*To do*
Leave every image out, and print the remaining lines below exactly.

*Data excerpts*

***

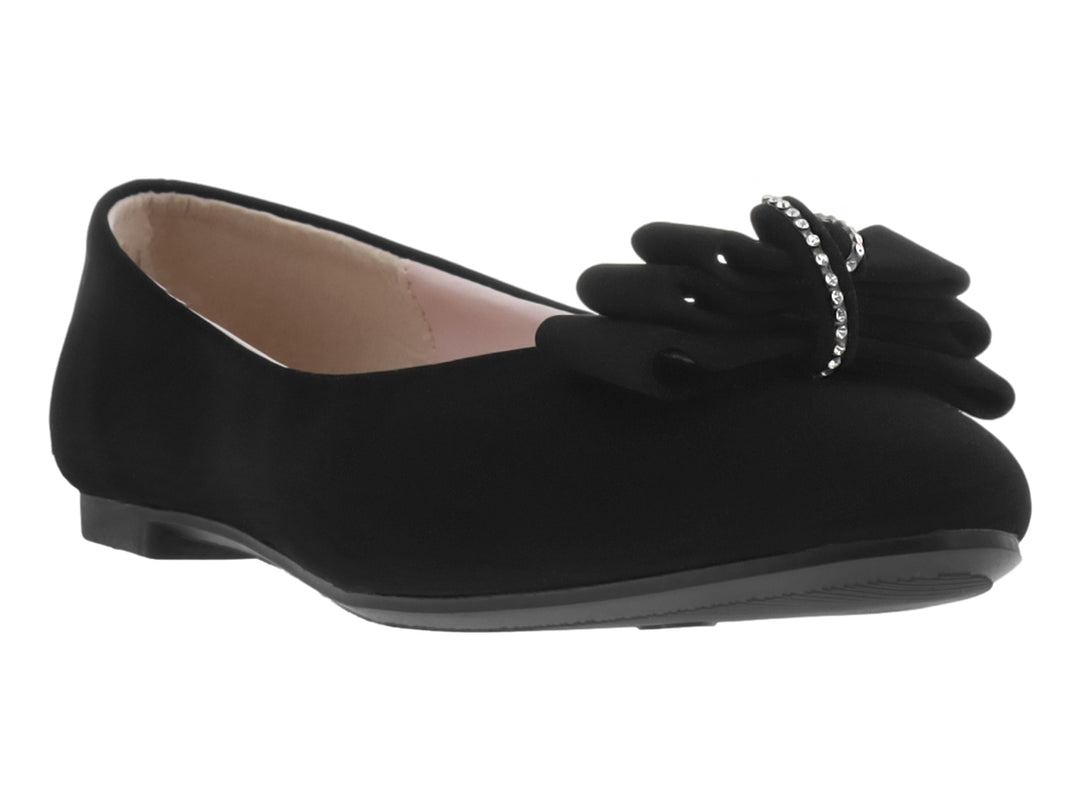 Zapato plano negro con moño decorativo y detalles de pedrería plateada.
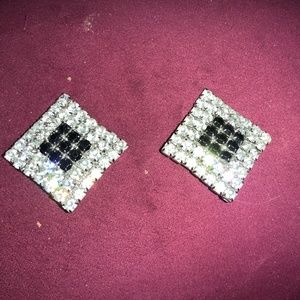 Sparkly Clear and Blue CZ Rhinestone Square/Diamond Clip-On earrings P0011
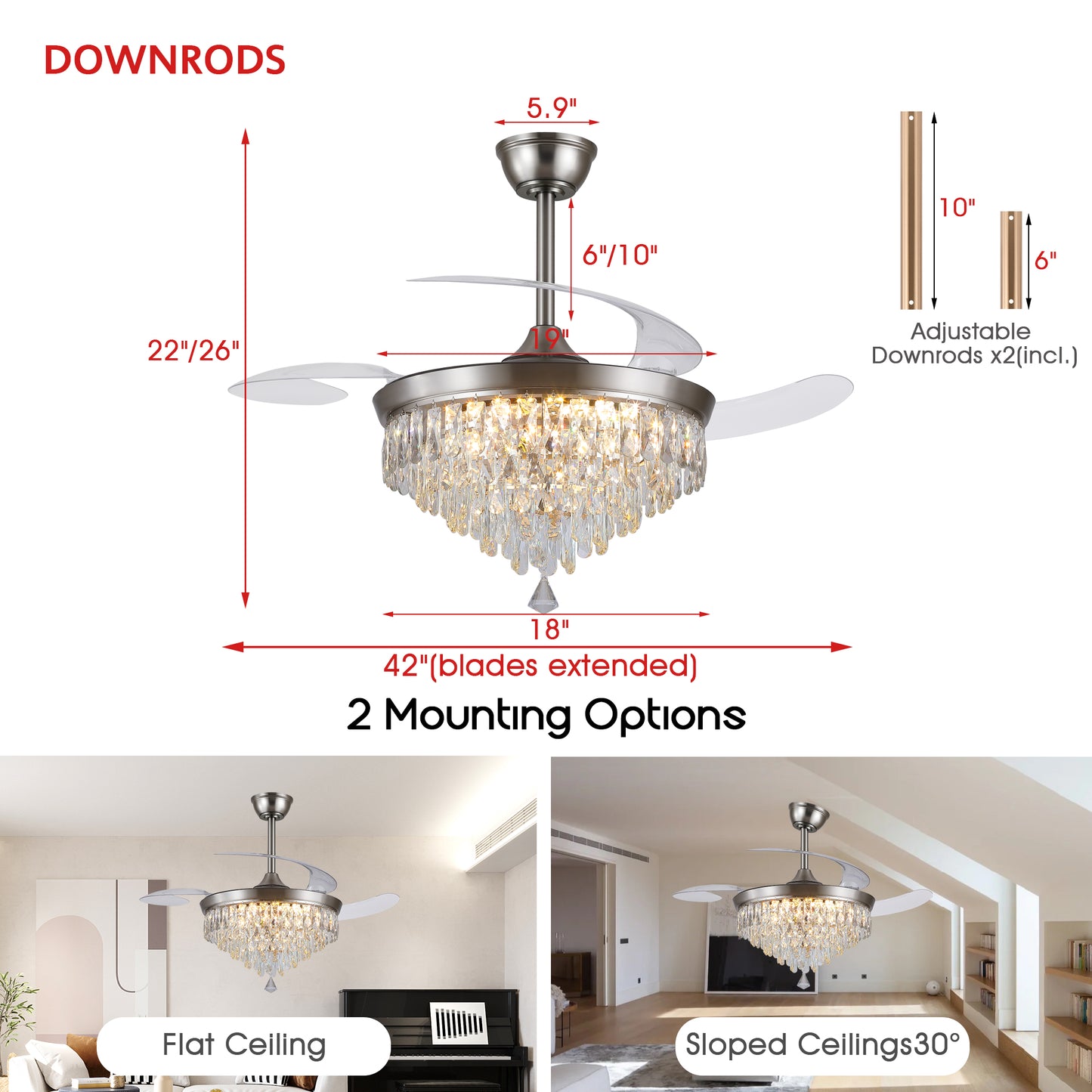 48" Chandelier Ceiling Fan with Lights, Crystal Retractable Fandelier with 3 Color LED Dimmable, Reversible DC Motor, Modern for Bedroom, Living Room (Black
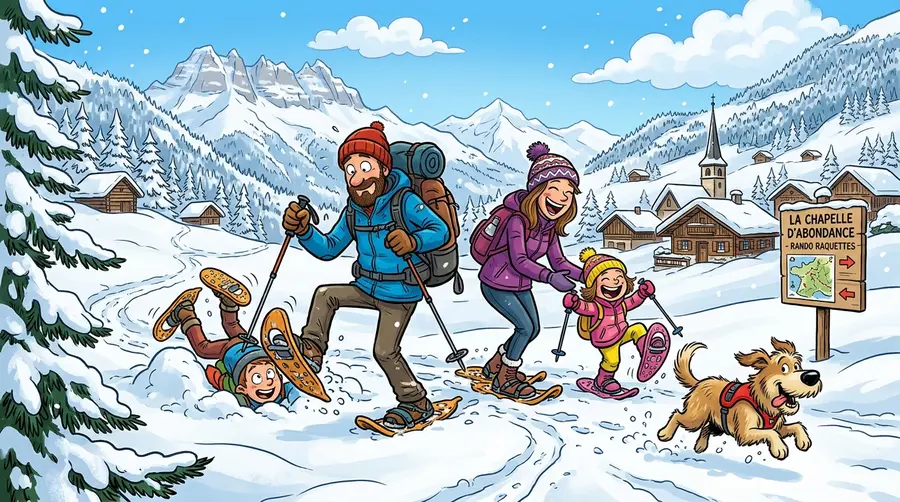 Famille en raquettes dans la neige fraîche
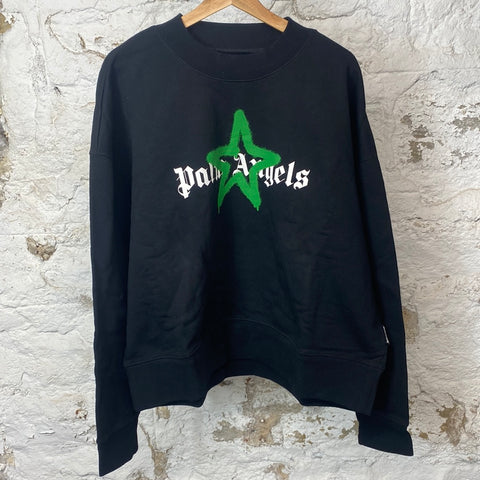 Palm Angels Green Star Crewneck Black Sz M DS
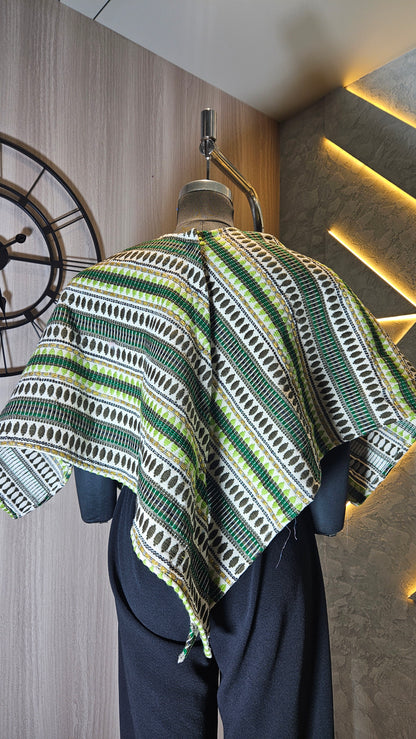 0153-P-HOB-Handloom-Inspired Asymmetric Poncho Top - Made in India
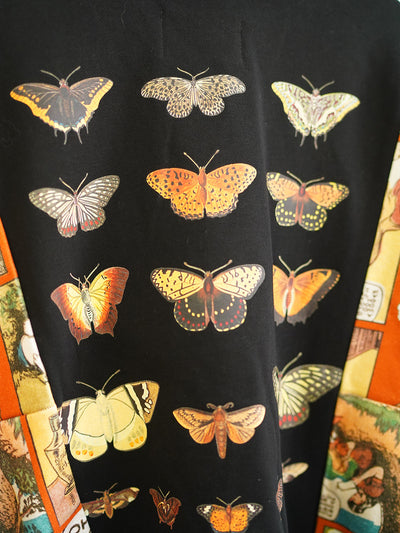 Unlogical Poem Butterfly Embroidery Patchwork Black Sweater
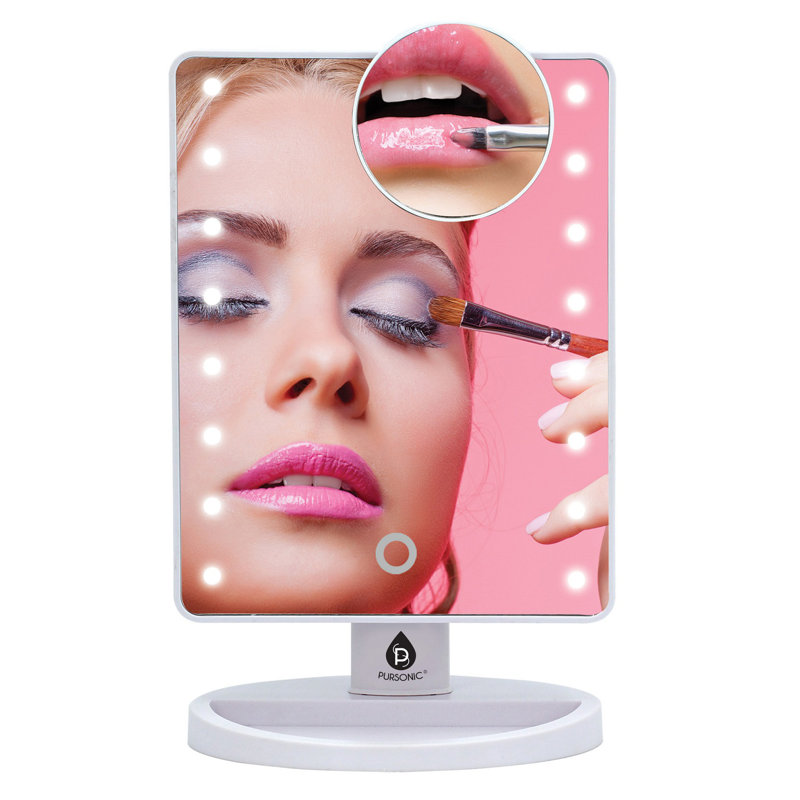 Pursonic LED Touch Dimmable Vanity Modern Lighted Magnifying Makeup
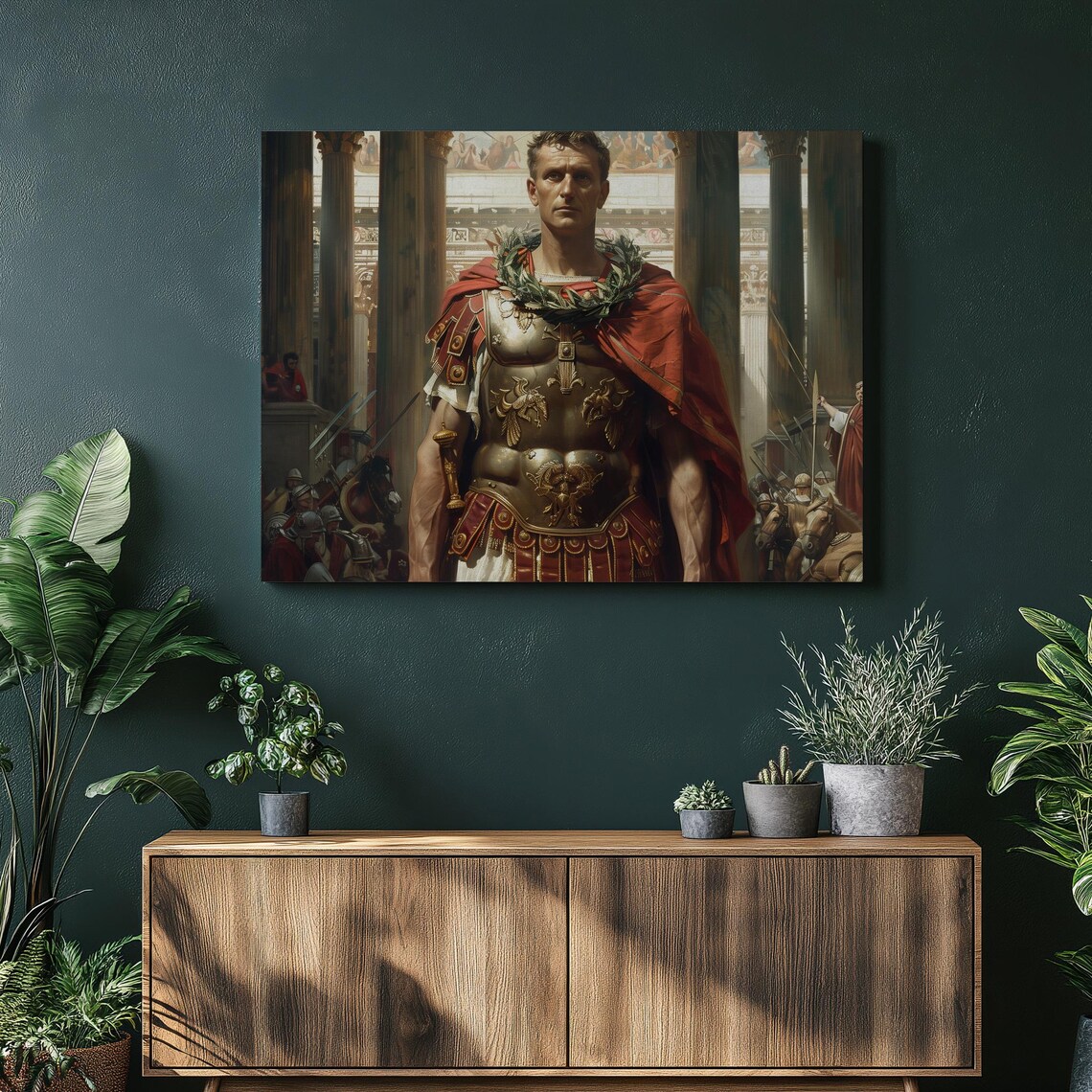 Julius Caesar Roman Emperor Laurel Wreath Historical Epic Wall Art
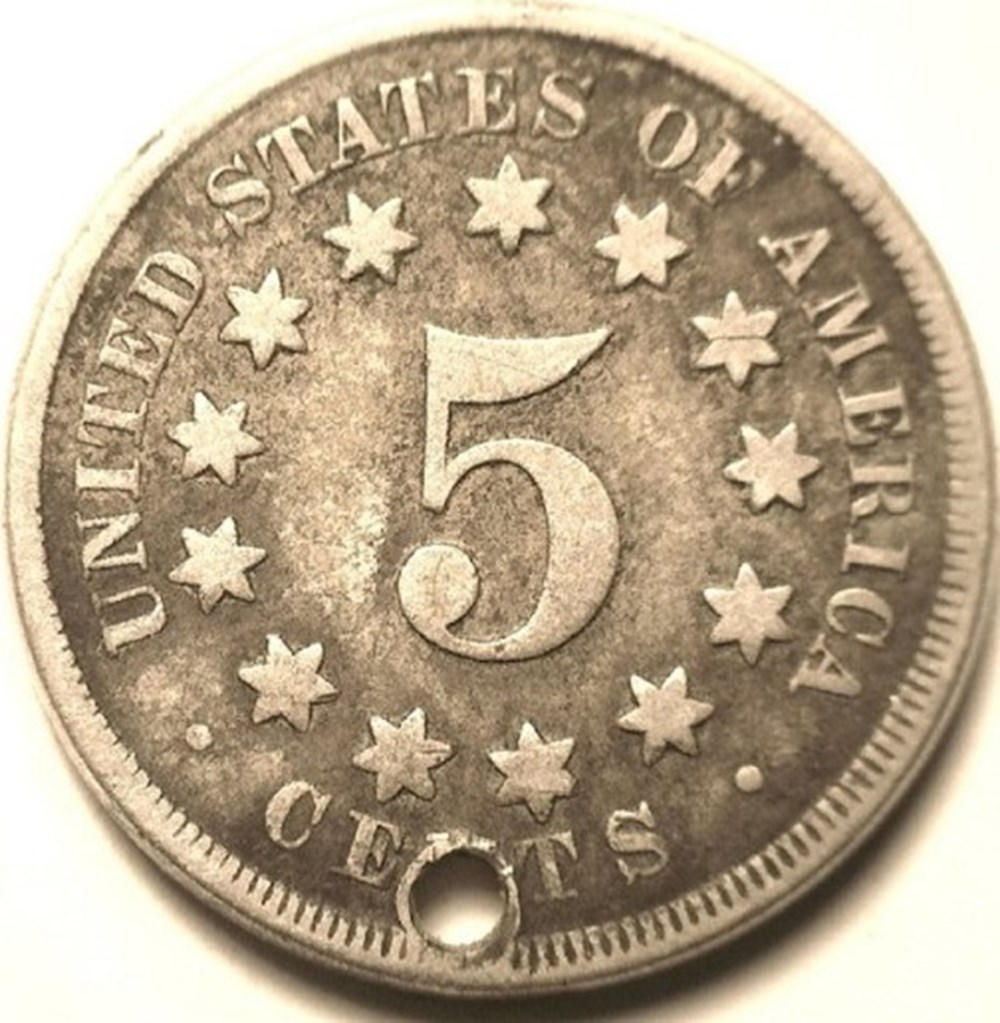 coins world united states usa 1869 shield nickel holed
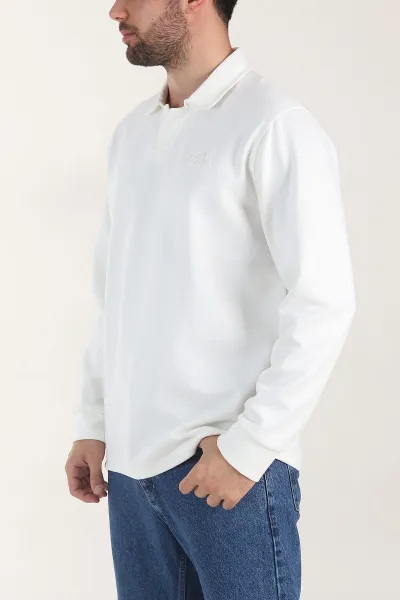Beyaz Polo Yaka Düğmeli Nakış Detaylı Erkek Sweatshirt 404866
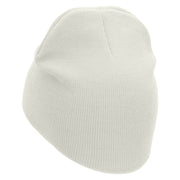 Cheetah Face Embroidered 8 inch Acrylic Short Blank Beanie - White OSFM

***

*Exercise response*
 Zapato plano negro con moño decorativo y detalles de pedrería plateada.
 Sparkly Clear and Blue CZ Rhinestone Square/Diamond Clip-On earrings P0011
 48" Chandelier Ceiling Fan with Lights, Crystal Retractable Fandelier with 3 Color LED Dimmable, Reversible DC Motor, Modern for Bedroom, Living Room (Black
 Famille en raquettes dans la neige fraîche
 Palm Angels Green Star Crewneck Black Sz M DS
 0153-P-HOB-Handloom-Inspired Asymmetric Poncho Top - Made in India
 Unlogical Poem Butterfly Embroidery Patchwork Black Sweater
 Pursonic LED Touch Dimmable Vanity Modern Lighted Magnifying Makeup
 Julius Caesar Roman Emperor Laurel Wreath Historical Epic Wall Art
 coins world united states usa 1869 shield nickel holed
Beyaz Polo Yaka Düğmeli Nakış Detaylı Erkek Sweatshirt 404866
 Cheetah Face Embroidered 8 inch Acrylic Short Blank Beanie - White OSFM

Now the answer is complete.